* [PROBLEM DESCRIPTION] Please restate, exactly as they appear, only the lines from the one that contains "Electrical Connector Terminal" to the final line of the entries, with no pictures.

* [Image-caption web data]
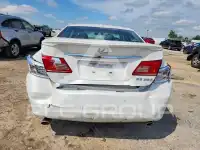 2012 Lexus ES350 photo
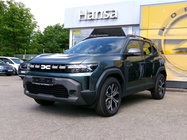 Dacia Duster 2025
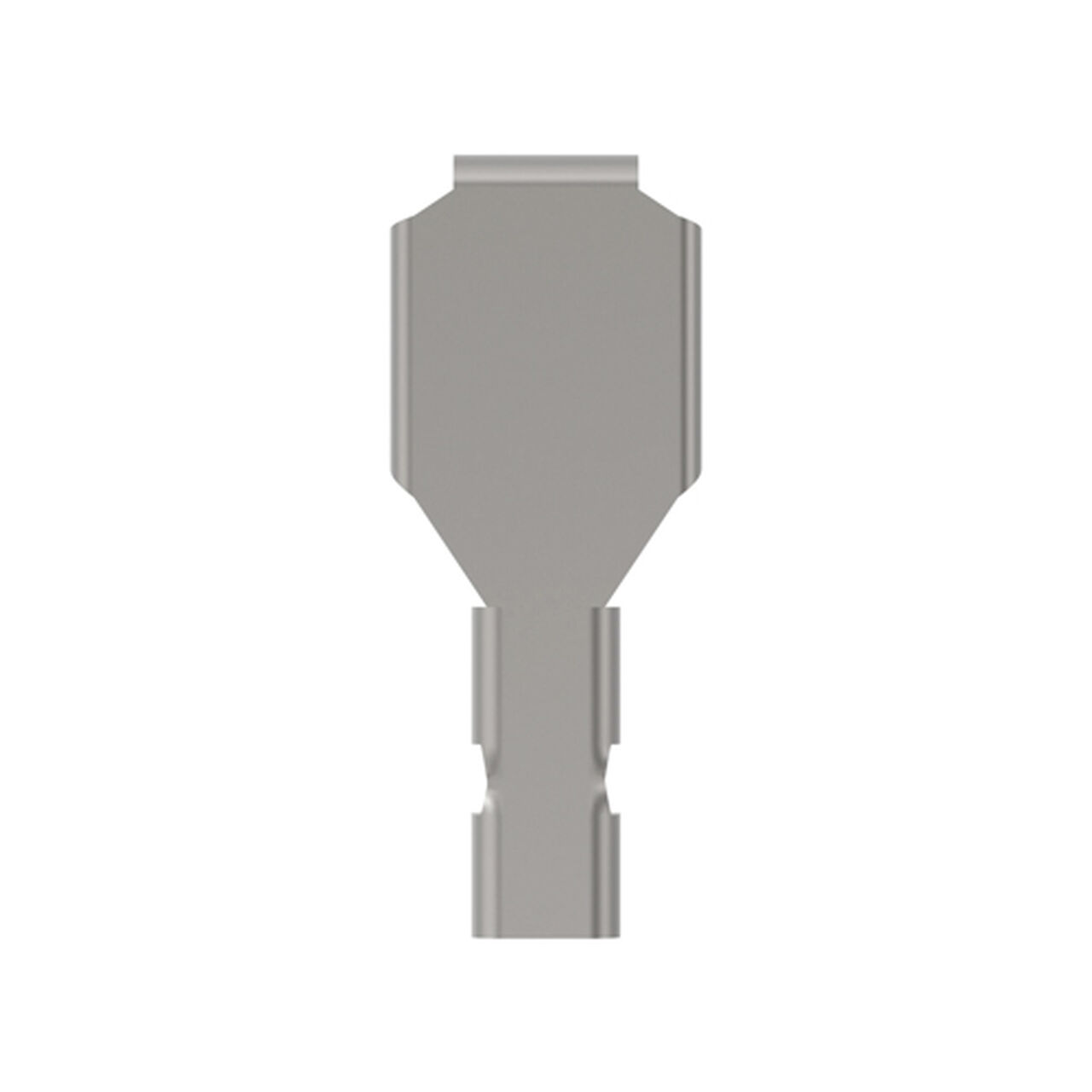 Electrical Connector Terminal - U46662,  image number 3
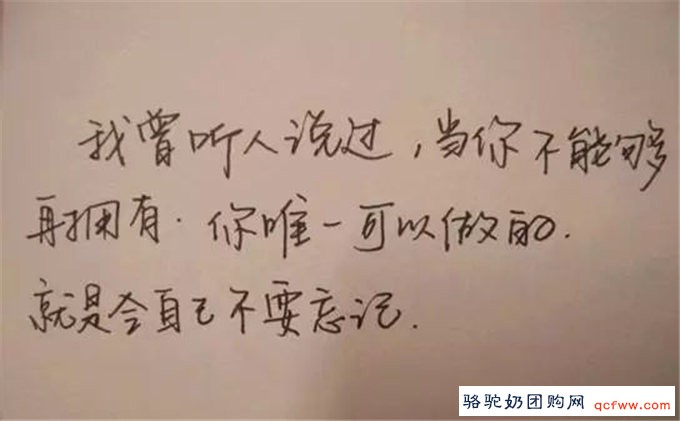 无论关系多好,不要走得太近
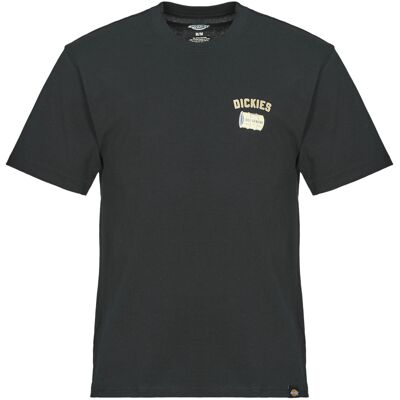 T-shirts med korta ärmar Dickies SERVICE CREW SS TEE EU S,EU M,EU XL Herr T-shirts med korta ärmar Dickies SERVICE CREW SS TEE EU S,EU M,EU XL Herr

* [TASK OUTPUT]
 Electrical Connector Terminal - U46662,  image number 3
 无论关系多好,不要走得太近
 T-shirts med korta ärmar Dickies SERVICE CREW SS TEE EU S,EU M,EU XL Herr T-shirts med korta ärmar Dickies SERVICE CREW SS TEE EU S,EU M,EU XL Herr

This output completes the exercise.